This is Essential Politics, our daily look at California political and government news. Here's what we're watching right now:
- California senators advanced three immigration-related bills Tuesday, including a proposal to fund legal aid for immigrants in the state who face deportation .
- What has each member of California's congressional delegation said about President Trump's executive order on immigration? Find out your representative's position here .
- California's congressional Democrats came out forcefully against Trump's immigration directives over the weekend, while Republican members of Congress held their fire .
You can find our December news feed archive here .
The Democratic Congressional Campaign Committee has released a list of top targets looking ahead to the 2018 elections, and California's Republican delegation is a big part of it.
Of the 61 Republicans Democrats are looking to unseat nationwide, seven are Californians:
- CA-10: Jeff Denham (R-Turlock)
- CA-21: David Valadao (R-Hanford)
- CA-25: Steve Knight (R-Palmdale)
- CA-39: Ed Royce (R-Fullerton)
- CA-45: Mimi Walters (R-Irvine)
- CA-48: Dana Rohrabacher (R-Costa Mesa)
- CA-49: Darrell Issa (R-Vista)
All of these lawmakers represent districts carried by Hillary Clinton in the general election, with Valadao's district voting for Clinton over Trump by double-digit margins. Many of them seemed to win despite Trump in 2016 , out-polling him by at least several percentage points.

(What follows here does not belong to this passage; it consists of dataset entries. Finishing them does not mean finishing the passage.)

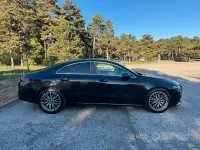 Usata Mercedes CLA200 163 CV (119 kW) 2020 Nero Coupé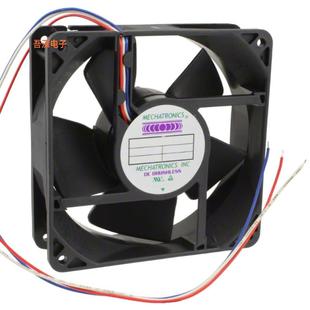 24VDCFAN AXIAL 120X38MM WIRE G1238L24B1 24VDC FSR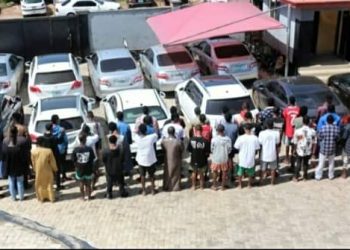 Self-styled Police Officer, 42 Others Arrested In Ogun For Alleged Fraud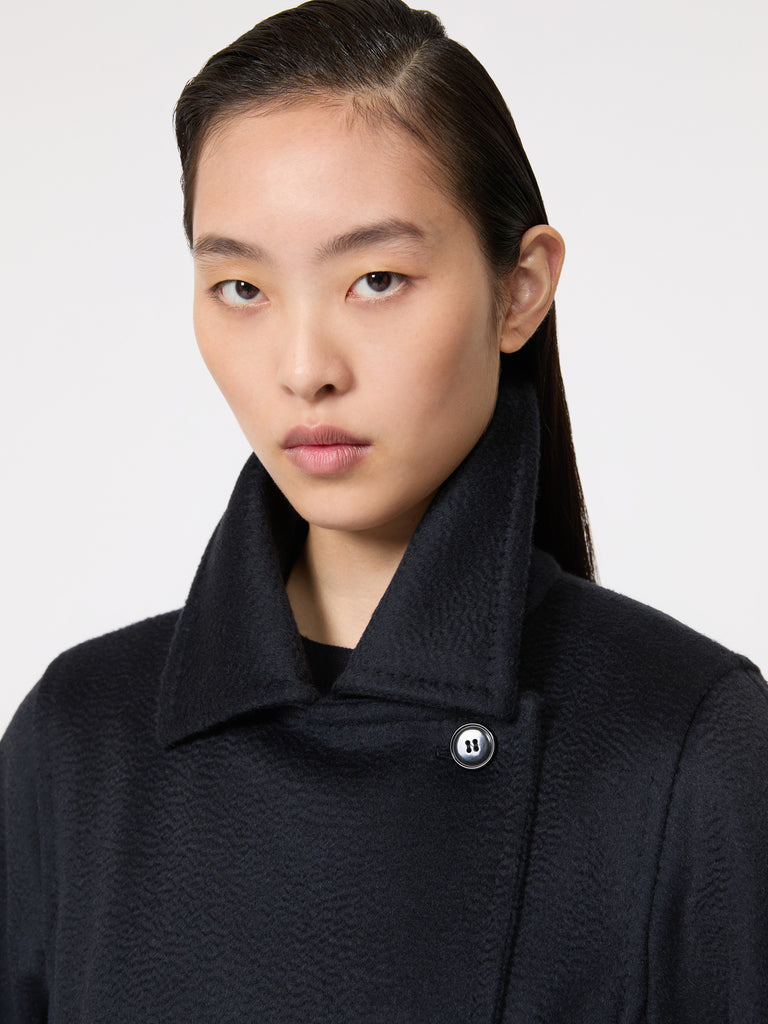 Manuela Icon Coat - Ultramarine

Issa and Denham won by the closest margins of the group, with Issa eking out a 51-49 win over Doug Applegate, who has already said he'll run again in 2018 . Denham overcame two-time challenger Michael Eggman by less than five percentage points.
Denham, Issa and Valadao were also among the top spenders in California on a per-vote basis in the November election, spending well above $30 per each vote they received.
In a memo, the Democratic committee noted Trump's low approval ratings and the fact that few presidents in history have seen their party gain seats in Congress during the first midterm elections.